А когда спустя еще час ее нашел я — пошатываясь и рыгая, отыскал палату Б-4 травматологического отделения больницы Святого Марка, пройдя мимо мальчика с проткнутым вилкой коленом, мимо громко стонущей женщины, сломавшей позвоночник в автомобильной аварии, мимо толстого бродяги с увесистым пластиковым мешком для инструментов в руке и торчащим из макушки горлышком гиннессовской бутылки, мимо нескольких явно здоровых беженцев, которым просто понравилось это место, мимо вежливого, но беспомощного швейцара, мимо чернокожей медсестры, мимо чернокожей сестры-хозяйки, мимо молодого бритоголового доктора и бесконечных белых квадратов света, простынь, линолеума, — она лежала, утопая в пухлых, как облака, подушках на феерически вознесенной кровати, с испуганным, вполне осознанным выражением обращенного самой себе упрека на полускрытом лице, и первая моя реакция была такова: мне захотелось ударить ее, ударить изо всех сил, дать ей что-нибудь, чтобы она исполосовала себе все вены, заставить ее увидеть, что она натворила, заставить ее расплакаться. И я почувствовал, что тоже сейчас заплачу, потому что я не Грегори, а она хотела видеть его, все хотели видеть его, не зная, чем он сейчас занимается, когда я пьян, а Урсула сошла с ума.

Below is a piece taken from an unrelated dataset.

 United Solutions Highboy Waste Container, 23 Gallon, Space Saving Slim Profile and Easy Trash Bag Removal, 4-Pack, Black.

— Ох, Рыжик, прости, — сказала она. — Только не говори маме и папе.

— Боже правый, Урсула, что, черт побери, ты натворила?

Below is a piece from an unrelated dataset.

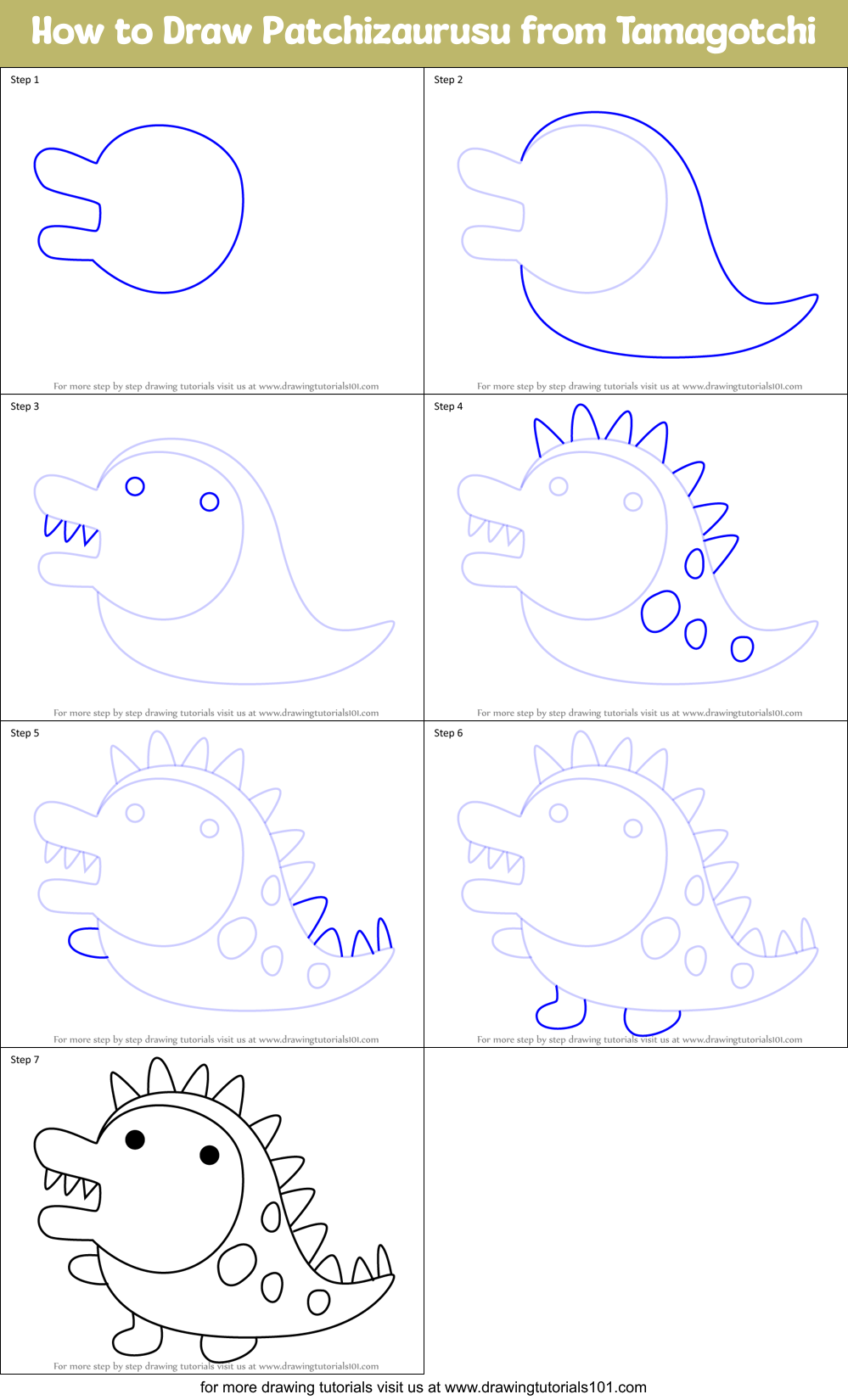 How to Draw Patchizaurusu from Tamagotchi Printable Step by Step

— Вены, — ответила она, протягивая свои перевязанные запястья.

— Да ради чего, черт побери?! Что могло с тобой такого страшного приключиться? Посмотри вокруг. Все это не имеет никакого отношения к тебе!

— Рыжик, ты пьяный.

— Само собой, черт побери. А что бы ты сделала на моем месте? И не называй меня Рыжик!

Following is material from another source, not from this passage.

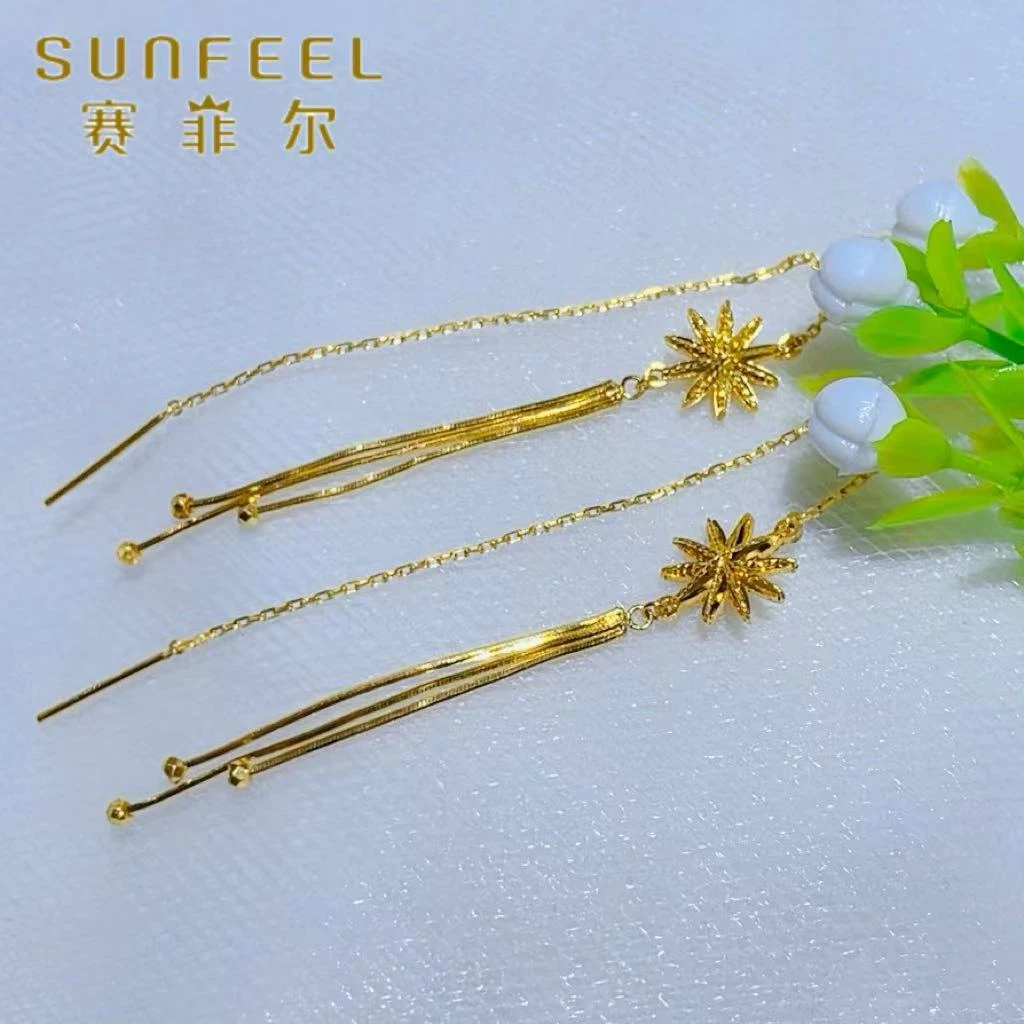 SUNFEEL/赛菲尔黄金足金拉丝十芒星黄金耳线流苏长耳饰5G精工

По договоренности с бритоголовым я оставался в палате час. Под конец Урсула вроде бы оклемалась.

— Надо что-то изменить, нельзя тебе больше так, — сказал я и, наклонившись, быстренько поцеловал ее на ночь. — Надо что-то делать.

— Зачем? Неужели нельзя просто об этом забыть?

— Тебе самой это не нравится, да и вся твоя жизнь там, — ответил я.

Я понял также, что и мне придется измениться. Мои расчеты того, как выжить и не сойти с ума на этой планете, явно оказались неверны. Многие гораздо уродливее и беднее меня, но словно не придают этому значения, в них нет этой ненависти и жалости к себе — сентиментальности, одним словом, — которые превращают меня в использованный гондон, трясущегося и бессильного психа. Я никогда не был таким уж обаяшкой, но теперь, дружок, о, теперь я буду гадом из гадов. Я вам еще покажу.

Я стою у высокого наклонного окна рядом с нашей квартирой, окна, которое терпеть не может сильного ветра. Грег спит. Джен ушла (мы больше не увидимся). На улице льет дождь, и стекло истекает слезами, слезами при мысли о несчастной Рози, но об этом надо забыть, да, об этом надо забыть и больше не вспоминать никогда.

— Здравствуйте, будьте добры мистера Телятко.

— Телятко слушает, — ответил Телятко своим спокойным и зловещим голосом.

— О, здравствуйте, мистер Телятко, это Теренс Сервис из…

— Доброе утро, Терри. Решился мне помочь?

Я ответил не сразу (знаете, Телятко — типчик еще тот).

— …Всем, чем могу, — сказал я наконец и рассмеялся.

— Что-что? Плохо слышно. Говори погромче.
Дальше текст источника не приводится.